RECORDS FOR THE TASK –

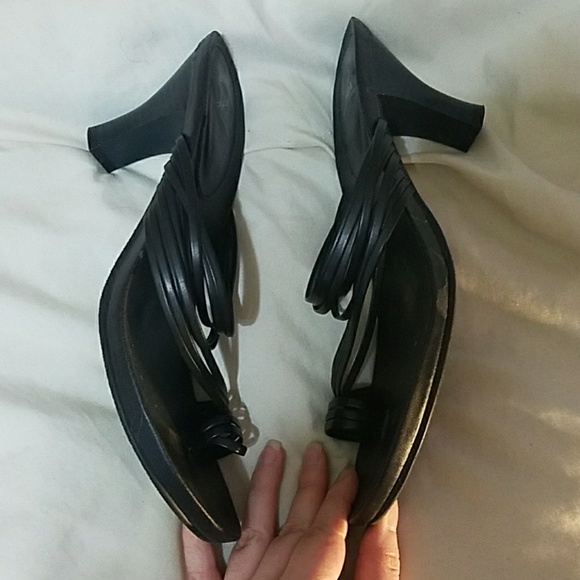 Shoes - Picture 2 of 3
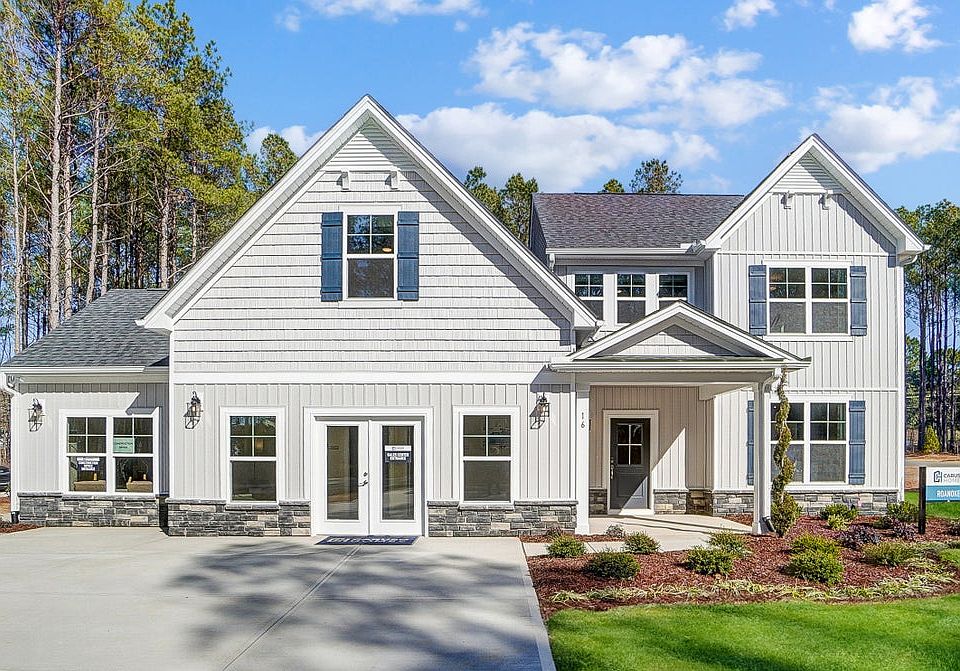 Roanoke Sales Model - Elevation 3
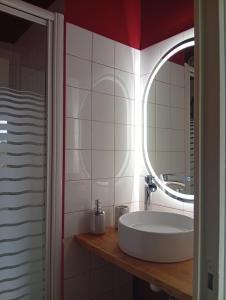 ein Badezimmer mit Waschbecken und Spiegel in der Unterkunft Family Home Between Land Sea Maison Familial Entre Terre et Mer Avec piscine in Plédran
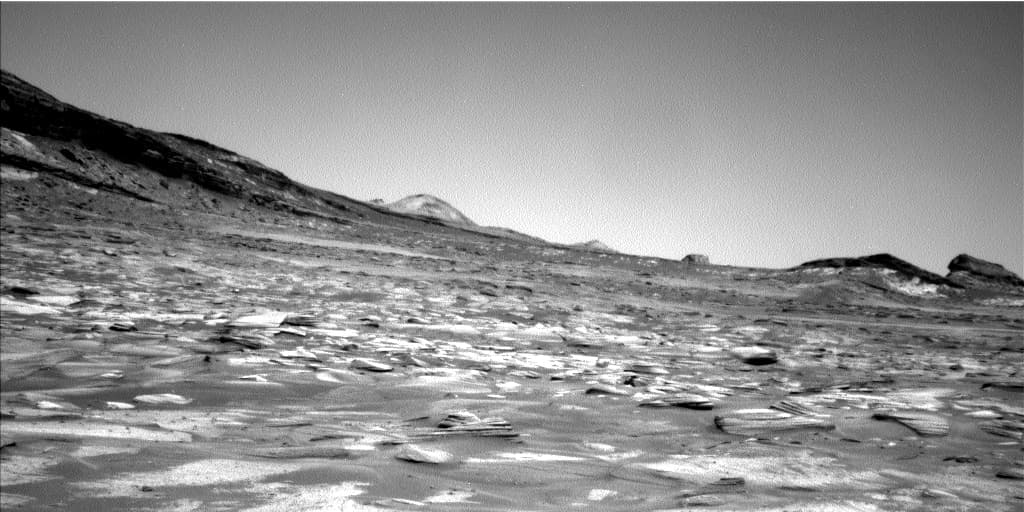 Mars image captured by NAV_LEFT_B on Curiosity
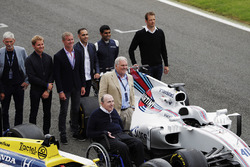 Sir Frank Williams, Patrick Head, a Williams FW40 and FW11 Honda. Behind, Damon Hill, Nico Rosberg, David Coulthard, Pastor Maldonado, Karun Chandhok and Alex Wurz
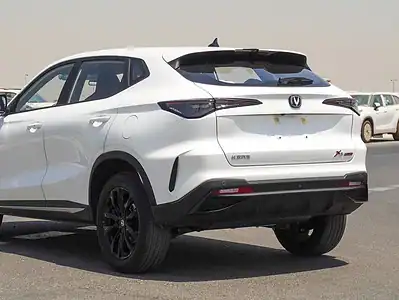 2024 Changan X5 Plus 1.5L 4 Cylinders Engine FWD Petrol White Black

WHAT IS BEING ASKED – Quote the full listing above word for word; exclude every picture from the copy.

REPLY TO THE TASK –
 Shoes - Picture 2 of 3
 Roanoke Sales Model - Elevation 3
 ein Badezimmer mit Waschbecken und Spiegel in der Unterkunft Family Home Between Land Sea Maison Familial Entre Terre et Mer Avec piscine in Plédran
 Mars image captured by NAV_LEFT_B on Curiosity
 Sir Frank Williams, Patrick Head, a Williams FW40 and FW11 Honda. Behind, Damon Hill, Nico Rosberg, David Coulthard, Pastor Maldonado, Karun Chandhok and Alex Wurz
 2024 Changan X5 Plus 1.5L 4 Cylinders Engine FWD Petrol White Black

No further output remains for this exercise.